Es una cifra demasiado grande para fingir que no existe.

Y sin embargo, el silencio oficial continuó.


La ausencia de respuesta puede generar algo más peligroso que una protesta: erosiona la confianza pública. Cuando la ciudadanía siente que participar no cambia nada, comienza a concluir que las decisiones ya estaban tomadas desde antes de escucharla. Y esa percepción, aunque el gobierno no lo admita, tiene consecuencias políticas profundas.


Porque el conflicto del Espino dejó de tratarse únicamente de árboles. Ahora también habla de modelo de país.


Habla de una administración pública que promueve modernidad mientras reduce espacios de deliberación. Habla de un desarrollo urbano que parece medir el progreso únicamente en metros cuadrados construidos. Habla de una ciudad que cada invierno colapsa por inundaciones y derrumbes, pero que aun así insiste en eliminar áreas naturales que absorben agua, regulan temperatura y estabilizan suelos.


La paradoja salvadoreña es casi absurda: destruir bosques mientras el cambio climático ya golpea las puertas con tormentas más violentas, calor más extremo y crisis hídricas cada vez menos futuristas.


Las consecuencias ambientales pueden sentirse mucho después de la inauguración oficial del edificio. La pérdida de cobertura forestal en El Espino podría alterar la recarga hídrica de la zona, aumentar las temperaturas urbanas y agravar riesgos de inundaciones o deslizamientos. En ciudades densamente urbanizadas, los árboles no son decoración ecológica; funcionan como infraestructura natural.


Pero quizá la consecuencia más difícil de medir sea la emocional.


Las ciudades también necesitan lugares que recuerden que todavía existe algo fuera del cemento y la publicidad luminosa. El Espino era uno de esos pocos espacios donde San Salvador podía fingir, aunque fuera por un momento, que aún respiraba.


Por eso muchas personas sintieron que no solo estaban talando árboles. Sentían que estaban desmontando una idea de futuro.


Y en política, las percepciones importan tanto como las obras.


La ciudadanía crítica podría presumir varias cosas frente a la opacidad: que los estudios ambientales no favorecen al proyecto, que hubo temor al rechazo social, o que existe una lógica gubernamental donde la rapidez de ejecución vale más que la legitimidad del proceso. El problema para cualquier gobierno es que, cuando no comunica, otros narran por él.

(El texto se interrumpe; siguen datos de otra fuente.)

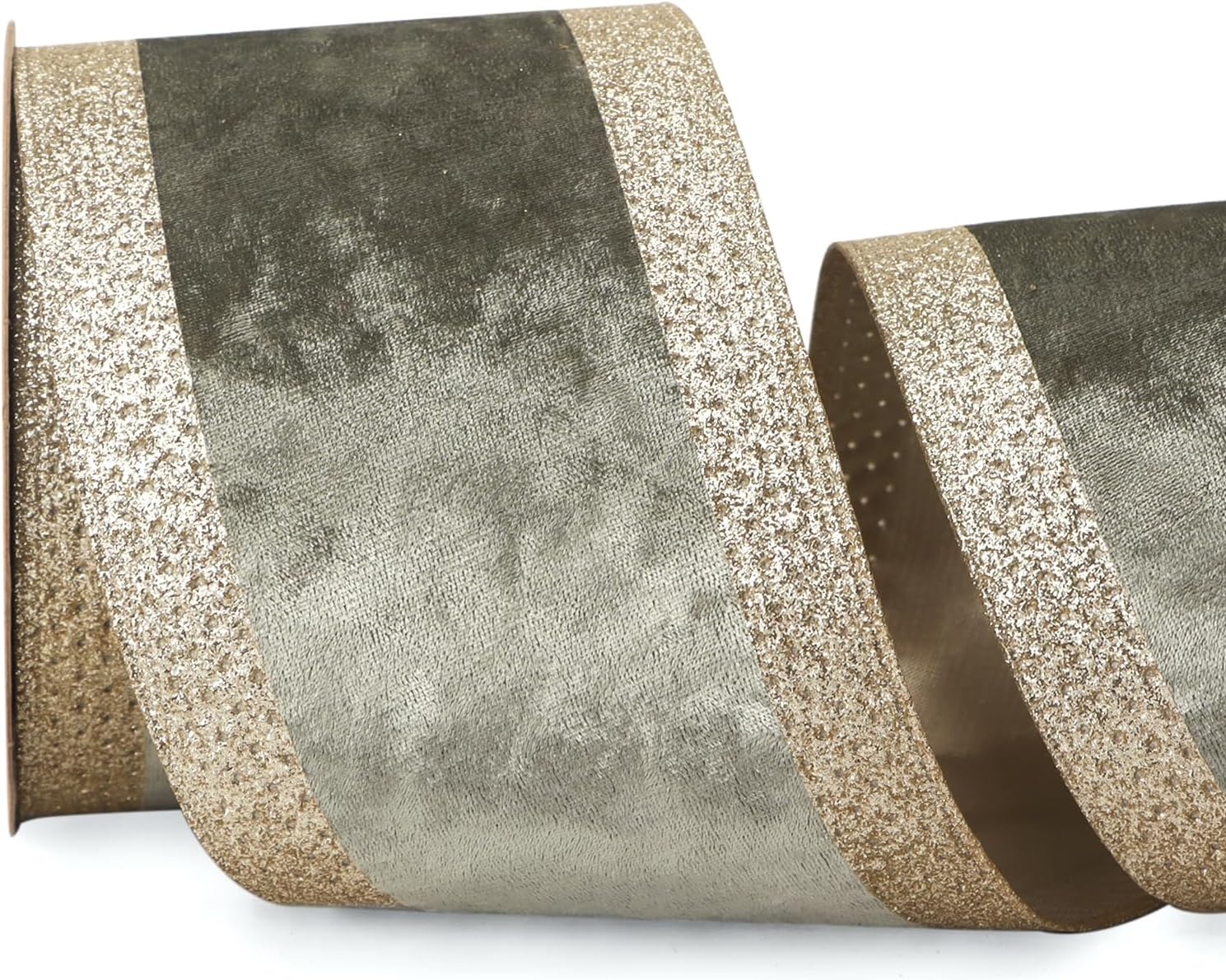 Ribbli Dusty Green Velvet Wired Ribbon with Glitter Edge 4 Inch Christmas Ribbon for Tree Gift Wrapping Wreaths Garland Topper Bows Crafts Home Decor -10 Yards(Sage Green)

Y las narrativas ya comenzaron.


La del progreso contra ambientalistas “enemigos del desarrollo”.

La de ciudadanos defendiendo el último bosque urbano frente a un Estado sordo.

La de una obra moderna construida con métodos viejos: poca transparencia y cero diálogo.


Quizá el impacto político inmediato no sea una crisis monumental. Pero los símbolos tienen memoria larga. Y El Espino podría convertirse en una referencia futura cada vez que el gobierno hable de sostenibilidad, participación ciudadana o protección ambiental.


Porque hay decisiones que trascienden el concreto.

Y hay talas que no solo derriban árboles: también derriban confianza.


Mientras tanto, en algún punto del bosque donde antes se escuchaban pájaros, ahora suenan motosierras. Y San Salvador vuelve a hacerse la misma pregunta que lleva décadas evitando:


¿Hasta cuándo seguiremos confundiendo desarrollo con destruir lo poco que todavía permanece vivo?